New Testament – Matthew and Luke
The fascinating details of these stories are presented in only the first two chapters of both the Gospel of Matthew and the Gospel of Luke in the New Testament.
Matthew Chapter 1 starts out with a summary geneology of Jesus starting with Abraham shown to be racially mixed with Gentiles as well as Hebrew ancestors, and then there’s a short review of Joseph’s reaction and angelic dream which allows him to deal with learning that his betrothed wife, Mary, is pregnant by the Holy Spirit of God.
Matthew Chapter 2 covers the visit of the wise men from the east who travel through Jerusalem first and meet with king Herod. They reveal to him that the are seeking the newborn king of the Jews who is to be born “in Bethlehem of Judah” (Micah 5:2). Note: Bethlehem was about 6 miles outside of Jerusalem. The wise men greet the newborn child and are warned to not return to Herod but return home via another route. Likewise, Joseph is warned to move his wife and child to Egypt for safekeeping until Herod is dead. Sure enough, when Herod realizes he had been tricked by the wise men, he sends soldiers to kill all the male babies under the age of two. It is estimated that about 40 to 50 children were killed during this slaughter.1
Luke Chapter 1 lays out all the surrounding background of the birth of God’s prophetic harbinger, John the Baptist, including the fascinating story of his parents Zechariah and Elizabeth. The rest of the chapter includes the angel Gabriel’s announcement to Mary of her upcoming pregnancy, her beautiful reaction, and songs or prayers of Mary and then Zechariah after the birth of John.

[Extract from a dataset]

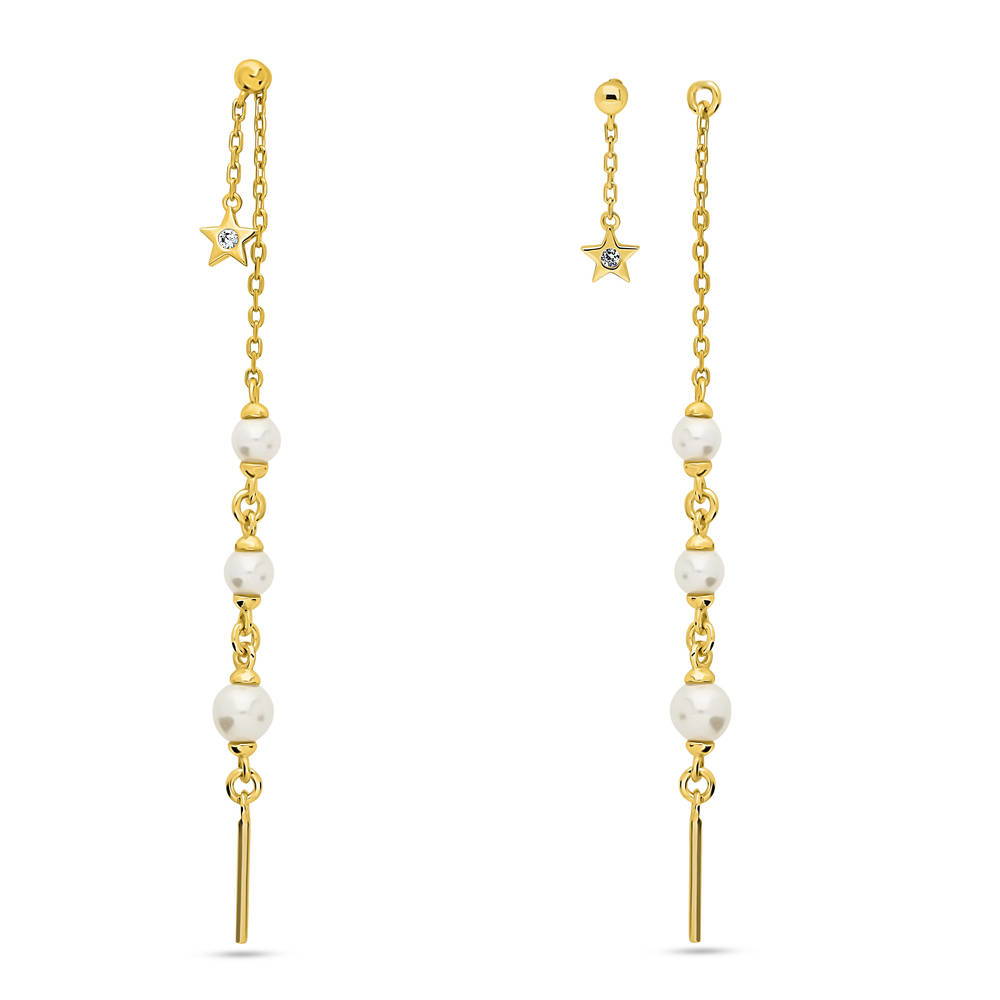 Front view of Bar Star Imitation Pearl Dangle Earring in Gold Flashed Sterling Silver, 3 of 7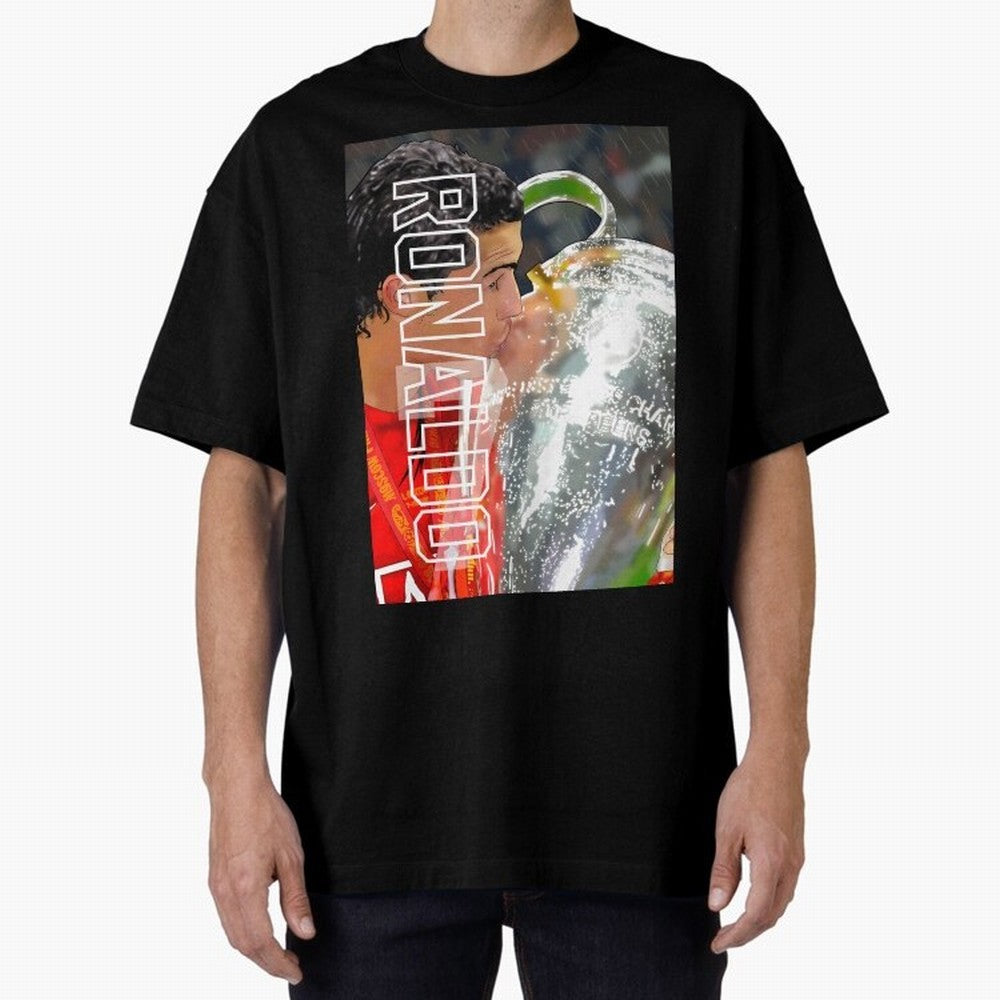 Cristiano Ronaldo ¨C 2008 Manchester United Champions League Glory Artwork by GrizzlyGFX Oversized T-Shirt Honor Football Greatness during the FIFA World Cup 2026 Journey through CR7 and Messi Highlights, Portugal Pride, Championship Spirit, Famous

Luke Chapter 2 describes the traveling of Joseph and Mary to Bethlehem and the manger scene with the shepherds in their fields being alerted to the birth of “Christ the Lord” by an angel followed by a host of angelic multitudes singing God’s praises. The chapter includes the circumcision of Jesus after 8 days and his presentation to the Lord God in the Temple where Jesus is poignantly blessed and adored by Simeon and Anna. The chapter finishes with a profound story of Jesus at age 12 astonishing his parents and the teachers in the temple in Jerusalem with his maturity and wisdom.
Incidentally, the Gospel of Mark and the Gospel of John do not include any parts of the Christmas story. Mark begins with the ministry of John the Baptist and the baptism of an adult Jesus. John begins deeply with the stated deity of Jesus and then His connection with John the Baptist as the one sent to herald and bear witness of His coming.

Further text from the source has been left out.